When Mercedes-Benz unleashed its stunning CLS on to the automobile world in 2004, it was just reviving a trend that was in vogue as early as the Thirties. However, when its rival from Munich took the cue and adapted it to the SUV segment four years later, it created a niche that nobody had ever thought about until then.
Not only did it establish the Sports Activity Coupé segment, but it owned it for the best part of the past decade, finding BMW nearly 300,000 customers and spawning further models like the X4 in 2014 and the X2, set to be launched sometime next year. Although a little late to the party, Stuttgart started its counter-offensive in 2015 with the GLE Coupé, and early last year, the smaller X4-rivalling GLC Coupé, which we have here this week.
Most of you are now familiar with Mercedes-Benz’s revamped naming convention, and would know from the name that the GLC Class is based on the brilliant C-Class platform. At 4,727mm long, 1,593mm tall, 2,000mm wide and with a wheelbase of 2,827mm, it’s a relatively compact vehicle, but it’s longer, wider and lower than the standard GLC with which it shares its basic architecture.
But what makes the Coupé different is obviously its styling. The front fascia is dominated by the single-louvre diamond radiator grille with the tri-star in the middle, which is usually reserved for the brand’s sportier models. On either side are headlights similar in design to the ones in the C-Class, complete with the signature LED ‘brows’. These, combined with the short overhangs, and the stretched, sloping roofline, muscular shoulders, narrow tail lights that have taken cues from the S-Class and C-Class Coupés, and a prominent spoiler lip on the deck lid lend it a unique, aggressive yet elegant appearance. Styling-wise it’s a better-looking car than the X4.
For all the design changes on the exterior, everything in the cabin except the flat-bottomed steering looks pretty much the same as the standard GLC’s, but that’s not a bad thing at all.

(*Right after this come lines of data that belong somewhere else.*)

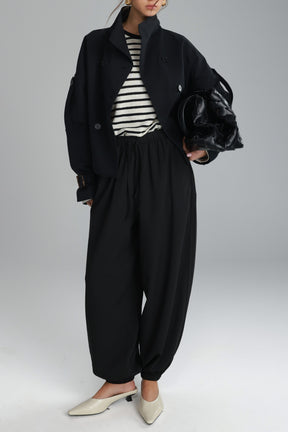 מכנסי אן שחורים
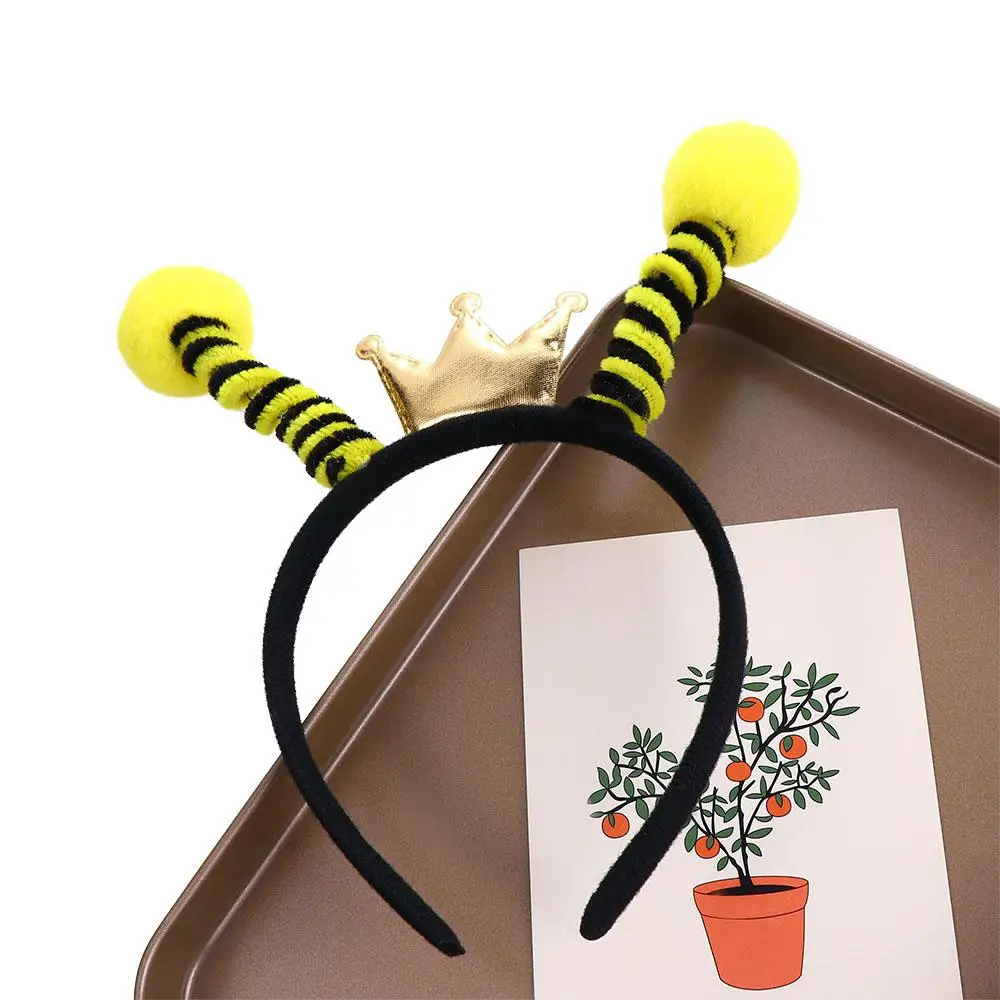 Cartoon Ant Performance Decoration Props Animal Hair Hoop Korean Style Headwear Bee Tentacle Headband Children Hair Accessories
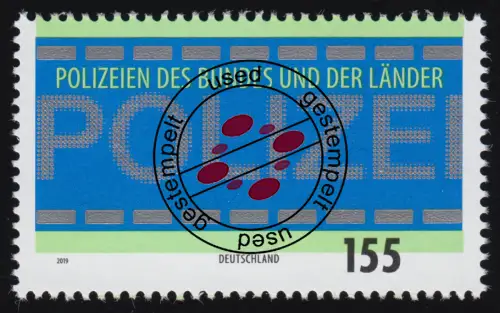 3480 Polizeien des Bundes und der Länder, gestempelt O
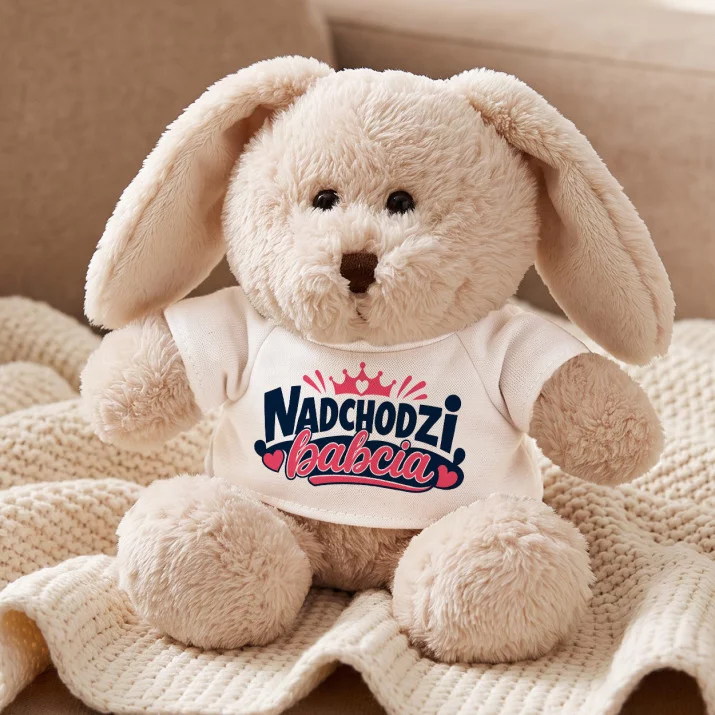 Pluszak Maskotka Dla Przyszłej Babci Prezent Na Dzień Babci Dla Kobiety: Babcia Nadchodzi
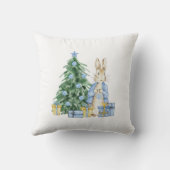 Coussin Bébé il fait froid devant Peter Rabbit (Verso)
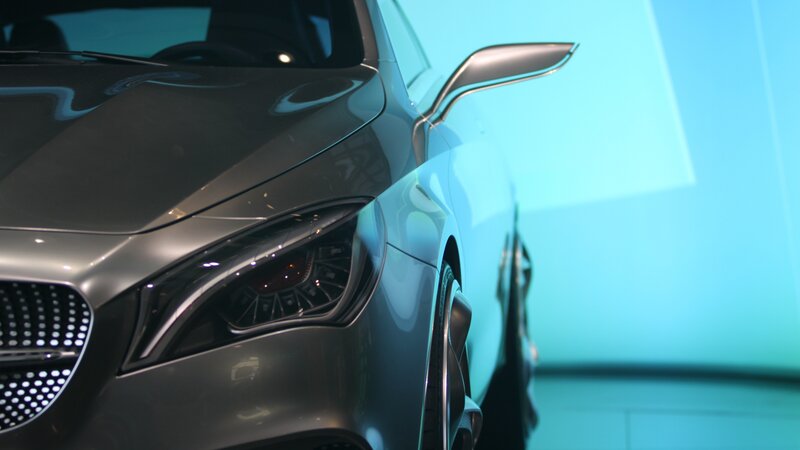 Silver Car Front View — Gray, Modern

The layout’s elegant and minimalist, the materials used are of the highest quality, and the craftsmanship is flawless; the tablet-like infotainment screen that looks tacked-on is the only thing standing out as an eyesore.
The front buckets are comfortable with enough leg-, head- and shoulder room for two adults of above-average size. However, while the legroom isn’t a problem at the back, headroom for taller passengers is restricted by the sloping roof. Also, despite it being positioned as a five-seater, only two adults can realistically sit at the back.

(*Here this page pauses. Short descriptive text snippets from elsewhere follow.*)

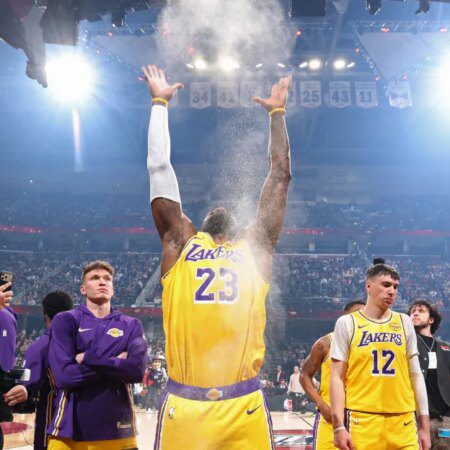 Nets vs. Lakers preview: Back home to meet up with LeBron and Luka-“Nets vs. Lakers Preview: LeBron & Luka Face Off at Home”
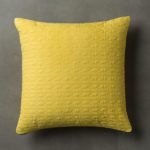 Scandi Yellow Quilted Cushion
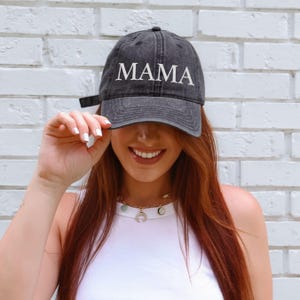 EMBROIDERED Mama Hat, Mama Hat, Mama Merch, New Mom Gift, Baby Shower Gift, Mother&#39;s Day Gift, Pregnancy Announcement, Mom Birthday Gift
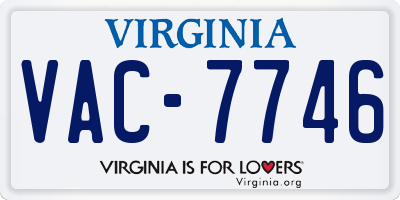 VA license plate VAC7746
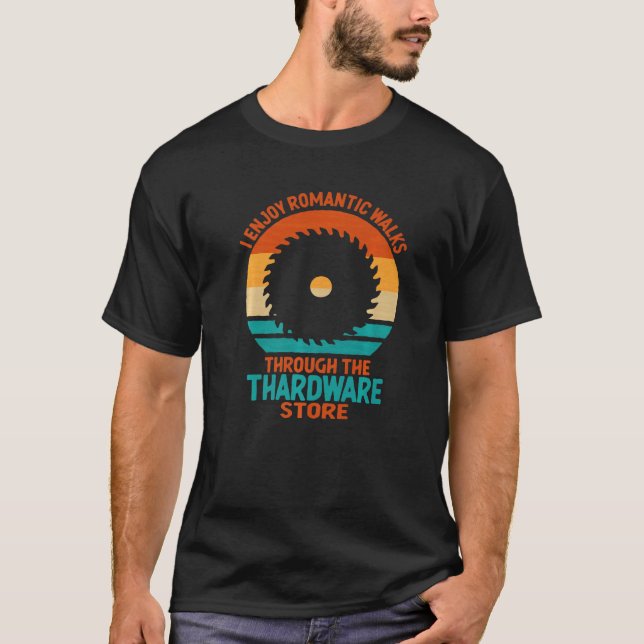 Camiseta Disfruto De Largas Caminatas Románticas A Través D (Anverso)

There’s 500 litres of cargo space, but when you open the boot lid, it’s natural to feel shortchanged seeing the shallow luggage compartment. Don’t despair, the floor is removable, opening up more space underneath. The fact that the boot floor is lockable is good if you have valuables you’d like to keep out of sight. Dropping the electronically controlled 60:40 rear seats will free up even more space for those occasional Ikea trips.
It’s not just the looks that have been souped up, with Mercedes making a few changes to the suspension and steering systems as well. Although Mercedes says it has made the steering more direct than that of the standard GLC by retuning the ratio, the changes aren’t quite perceptible in regular driving conditions. That’s not to say it lacks in response or precision, as the regular GLC itself is a good car to drive, which is one of the reasons why it went on to be the Crossover of the Year in the last edition of our annual awards.
The suspension set-up is also pretty good with four modes, Eco, Comfort, Sport and Sport+, to choose from. There’s a clear difference in the car’s behaviour in each of these modes; in Sport and Sport+ the suspension is considerably stiffer and the steering heavier, while in Comfort, it offers a compliant ride, smoothing out any road imperfections it encounters.
Body roll is also kept well under check, even when you push it enthusiastically around a corner. While it’s a good crossover to drive, it pales in comparison to the BMW X4 M40i that we tested recently. But that’s an unfair comparison, and we’ll reserve our verdict until we get our hands on the new Merc-AMG GLC 43.
Our GLC 250 tester comes powered by a turbocharged 2.0-litre four-cylinder engine, good for 208bhp and 350Nm of torque. This peppy mill revs freely without any lag, and gives out a raspy exhaust note when pushed. Mated to a nine-speed automatic transmission, if shifts smoothly and builds up pace effortlessly.
If you’re in the market for a compact, yet stylish SUV, the GLC Coupé is highly recommended. While it might not match many of its rivals for excitement behind the wheel, it definitely looks more suave and graceful than most of the crossovers in this size, including the Jaguar F-Pace, Porsche Macan and the BMW X4. And it’s well worth the price premium over the standard GLC.